Saturday, June 26, 2010

Impressions of Midsummer's Eve (a SoFoBoMo mini-project)


Midsummer's Eve, originally uploaded by jiihaa.

Yesterday was Midsummer's Eve here in Finland. I took a couple of hundred photographs and made a photo book out of them, obeying the SoFoBoMo rules. (Make solo photo books in PDF form, in 31 days, start to finish, and there has to be at least 35 photographs in the book.)

The photobook, titled Impressions of Midsummer's Eve, is available in PDF form at the SoFoBoMo site.
There are 52 pages in the photo book, all square format, all straight jpegs from the camera, the Panasonic LX3.
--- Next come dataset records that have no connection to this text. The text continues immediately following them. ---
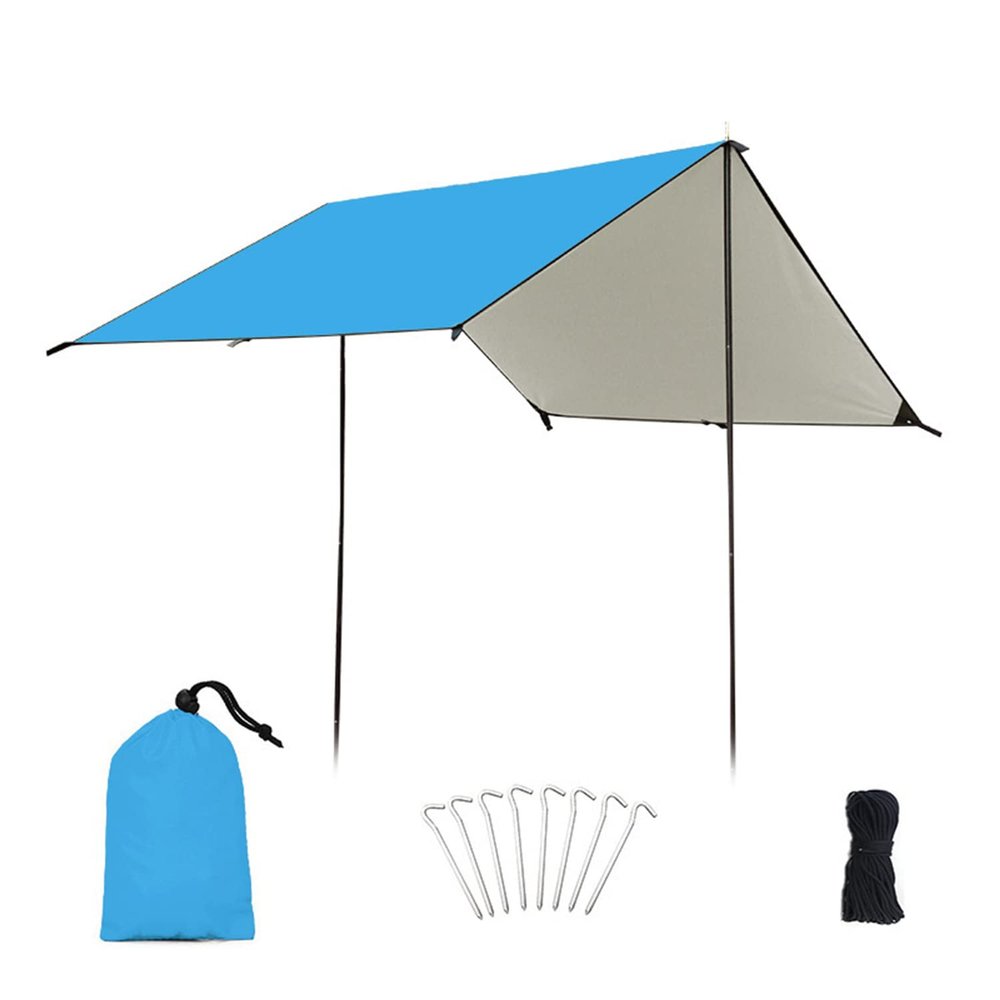 XIANGBINXUAN Tent Tarp for Tent Camping Lightweight Waterproof Camping Shelter, Windproof UV Protection Lightweight Durable 210D Sun Canopy Ground Sheet for Beach Picnic (Sky Blue(rodless) Small)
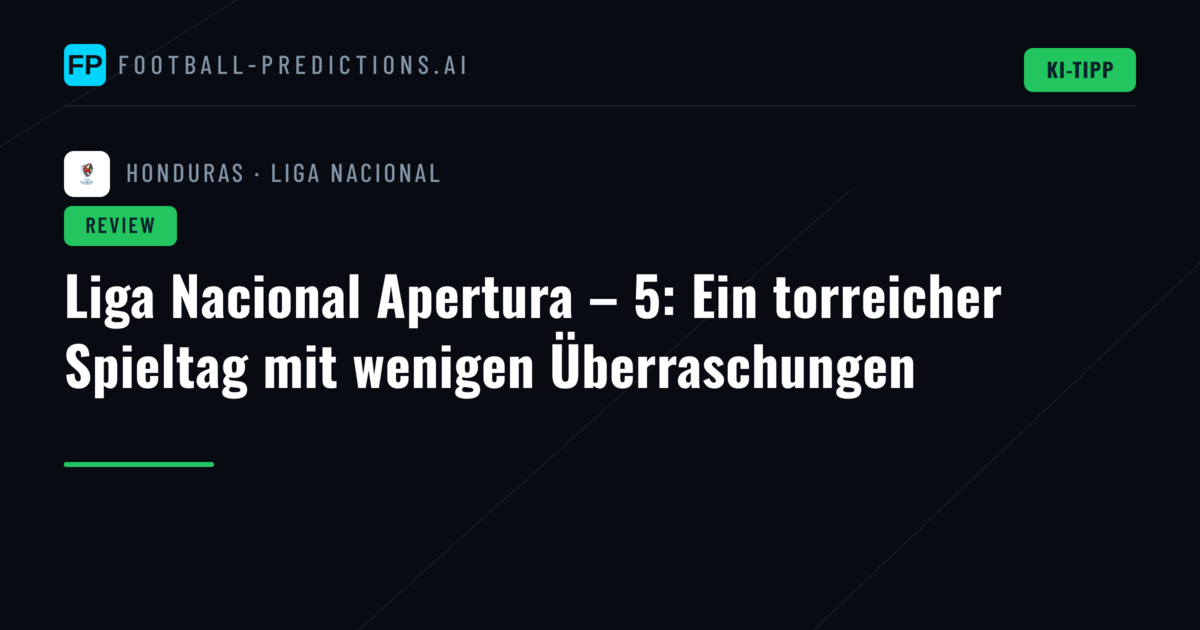 Liga Nacional Apertura – 5: Ein torreicher Spieltag mit wenigen Überraschungen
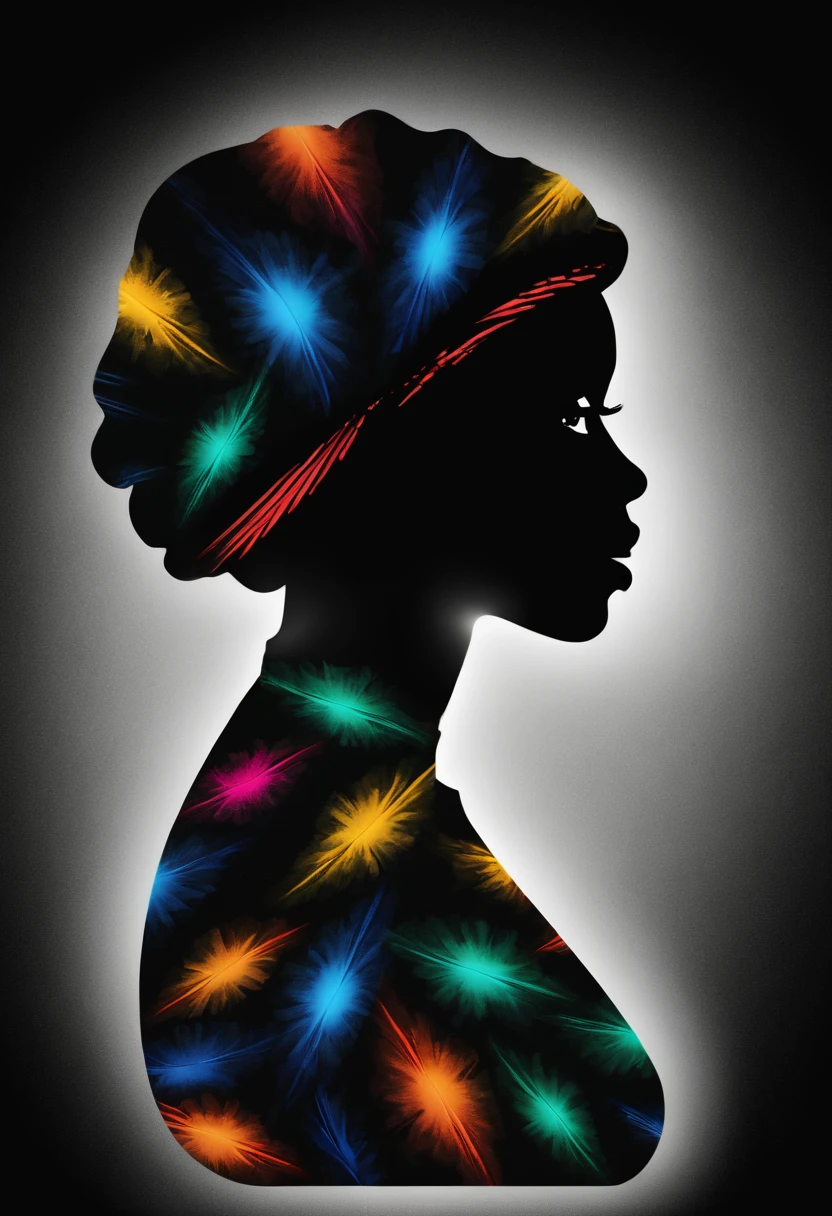 African pattern smoke logo with boss texture strokes, of Cape Verde - photo illustration graphic ((Ultra wide exposure photography)) alta qualidade, muito detalhada, neon dots of a beautiful colorful silhouette, bela silhueta, electronic devices, como um PC cinza muito claro em segundo plano, por yukisakura, muito detalhado,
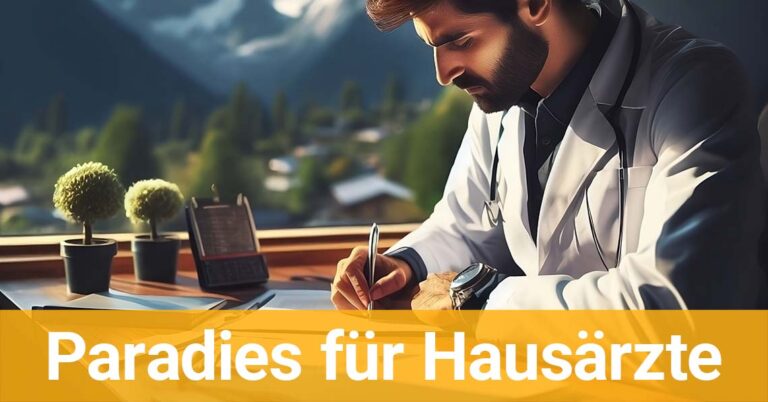 Schweizer Hausarzt sitzt an seinem Schreibtisch und schreibt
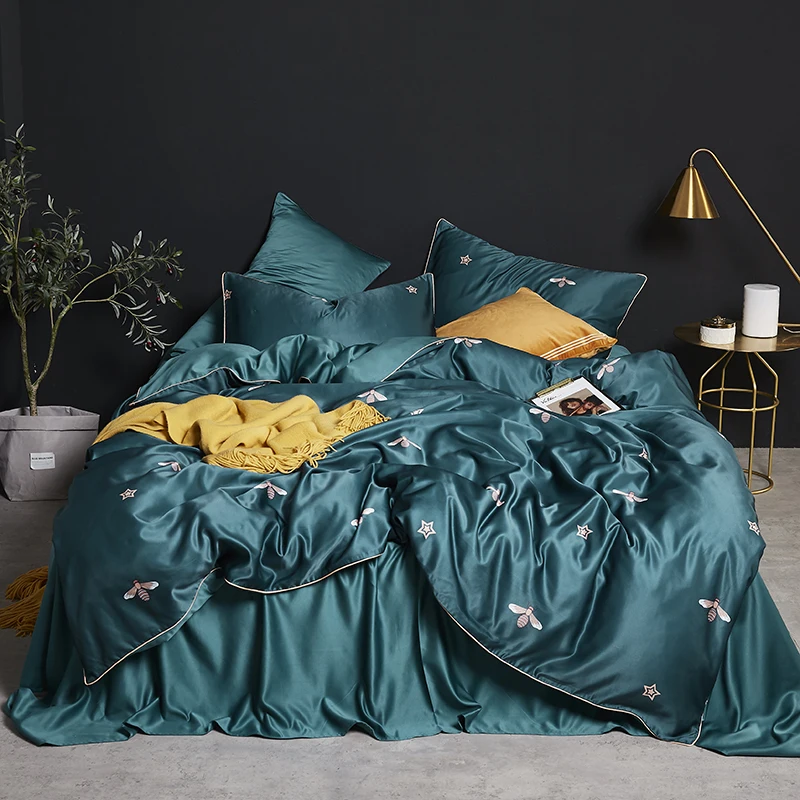 4pcs Washed Silk Brief Style Bed Duvet Cover Bed Sheet Pillowcase Solid Dark Green Busy Bee Red White Wave Point Leaf
4pcs Washed Silk Brief Style Bed Duvet Cover Bed Sheet Pillowcase Solid Dark Green Busy Bee Red White Wave Point Leaf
This was a quick job, photographs were taken within a 12 hour period, and the selection and typesetting was done the next day (today) in a couple of hours. There are six chapters, all having a somewhat unifying theme. I used deliberate motion blur in some photographs, otherwise there is nothing too special in them. The book is typeset using two-page spreads, but the pages can be looked individually as well.

7 comments:

Anonymous said...

Wow - it seems that these past 100.000 exposures have made the camera almost a natural extension of your visual perception. Also the square you've recently started to use works well with your vision.
So you have created a fine document of this (your) day, presented in a logical order and a clear, not distracting layout. This definitely works for me.

Cedric said...

Wonderful collection of images. Thoroughly enjoyed it. Thanks for sharing.

Juha Haataja said...

@Markus: The square seems to work all right, so much so that I have a difficulty of shooting anything else, always coming back to square (1:1).

@Cedric: Thanks!

Jarno said...

Nice book Juha! Especially I liked the blurry police car which (unfortunately) belongs to tradional Finnish midsummer. :)

Juha Haataja said...

@Jarno: Indeed. Blurriness seemed to fit the Finnish midsummer...

Andreas said...

And it's really good. Really, really good.

Btw, I love your B+W squares.

Juha Haataja said...

@Andreas: I also like b&w squares, more than "ordinary" b&w. But it doesn't work for most subjects.